Now we come to the warnings of persecution to come. Jesus never left his followers in any doubt that they had chosen a hard way. No man could say that he had not known the conditions of Christ's service in advance.

The handing over to councils and the scourging in synagogues refer to Jewish persecution. In Jerusalem there was the great Sanhedrin, the supreme court of the Jews, but every town and village had its local Sanhedrin. Before such local Sanhedrins the self-confessed heretics would be tried, and in the synagogues they would be publicly scourged. The governors and kings refer to trials before the Roman courts, such as Paul faced before Felix and Festus and Agrippa.

It was a fact that the Christians were wonderfully strengthened in their trials. When we read of the trials of the martyrs, even though they were often ignorant and unlettered men, the impression often is that it was the judges and not the Christians who were on trial. Their Christian faith enabled the simplest folk to fear God so much that they never feared the face of any man.

It was true that even those of a man's own family sometimes betrayed him. In the early Roman Empire one of the curses was the informer (delator). There were those who, in their attempts to curry favour with the authorities, would not hesitate to betray their own kith and kin. That must have been the sorest blow of all.

In Hitler's Germany a man was arrested because he stood for freedom. He endured imprisonment and torture with stoic and uncomplaining fortitude. Finally, with spirit still unbroken, he was released. Some short time afterwards he committed suicide. Many wondered why. Those who knew him well knew the reason--he had discovered that his own son was the person who had informed against him. The treachery of his own broke him in a way that the cruelty of his enemies was unable to achieve.

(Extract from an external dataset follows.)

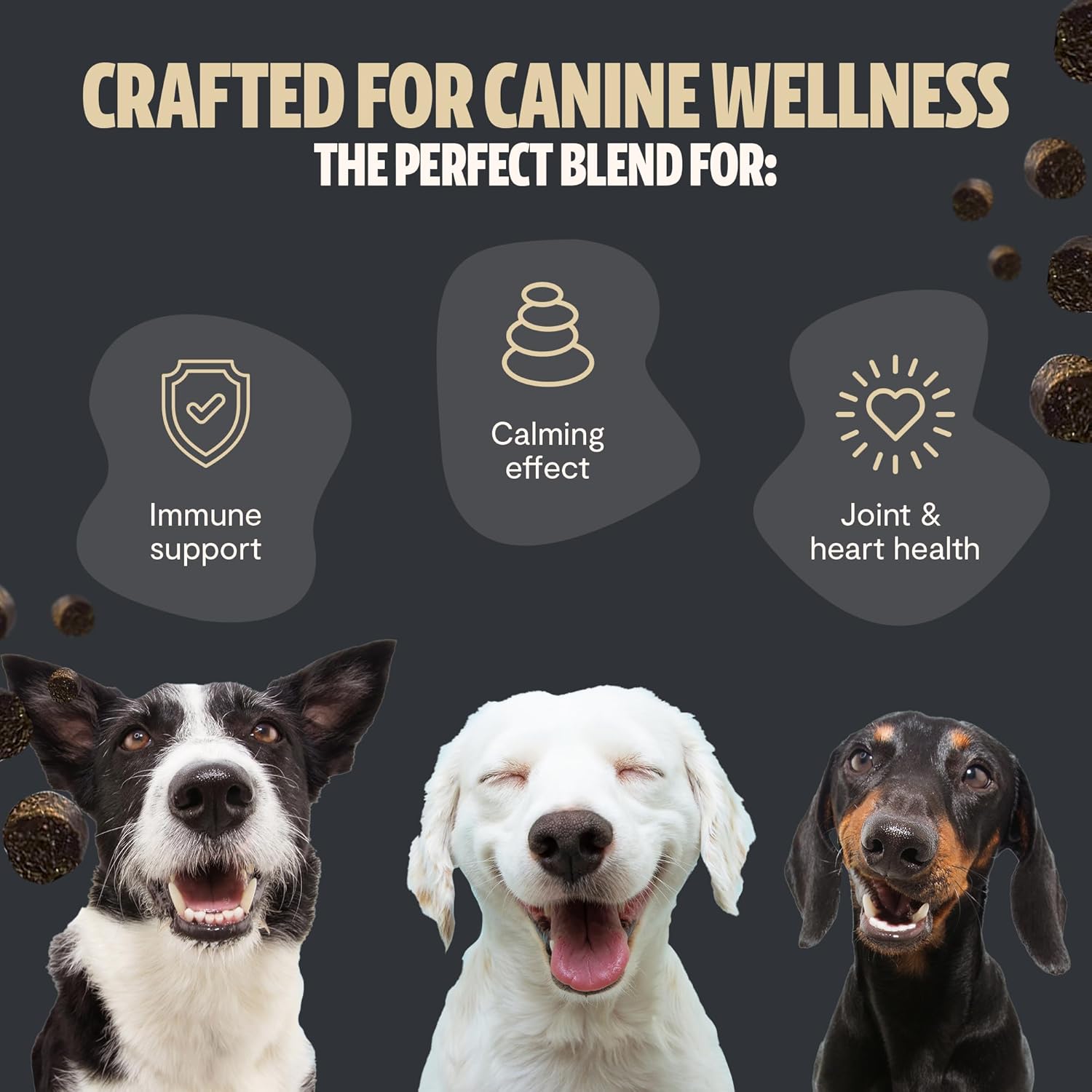 Turkey Tail Mushroom Supplement for Dogs - Immune Support, Lipoma Removal, Calming Treats (180 Soft Chews)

This family and domestic hostility was one of the regular items in the catalogue of terror of the last and terrible days, "Friends shall attack one another suddenly" (4 Ezra 5:9). "And they shall hate one another and provoke one another to fight" (Baruch 70:3). "And they shall strive with one another, the young with the old, and the old with the young, the poor with the rich, the lowly with the great, the beggar with the prince" (Jubilees 23:19). "Children shall shame the elders, and the elders shall rise up before the children" (The Mishnah, Sotah 9:15). "For the son treats the father with contempt, the daughter rises up against her mother, the daughter-in-law against her mother-in-law. A man's enemies are the men of his own house" (Micah 7:6).

Life becomes a hell upon earth when personal loyalties are destroyed and when there is no love which a man may trust.

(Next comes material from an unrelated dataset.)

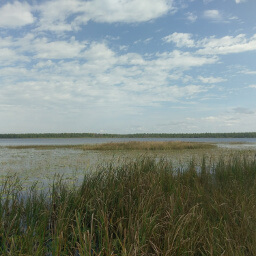 Looking across Wolf Lake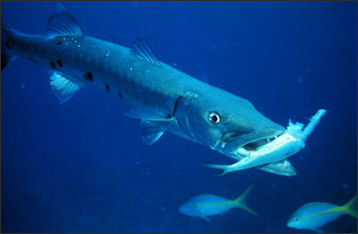 20110307-NOAA reef fish barracuda 25666.jpg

It was true that the Christians were hated. Tacitus talked of Christianity as an accursed superstition; Suetonius called it a new and evil superstition. The main reason for the hatred was the way in which Christianity cut across family ties. The fact was that a man had to love Christ more than father or mother, or son or daughter. And the matter was complicated by the way that the Christians were much slandered. It is beyond doubt that the Jews did much to encourage these slanders. The most serious was the charge that the Christians were cannibals, a charge supported by the words of the sacrament which speak of eating Christ's body and drinking his blood.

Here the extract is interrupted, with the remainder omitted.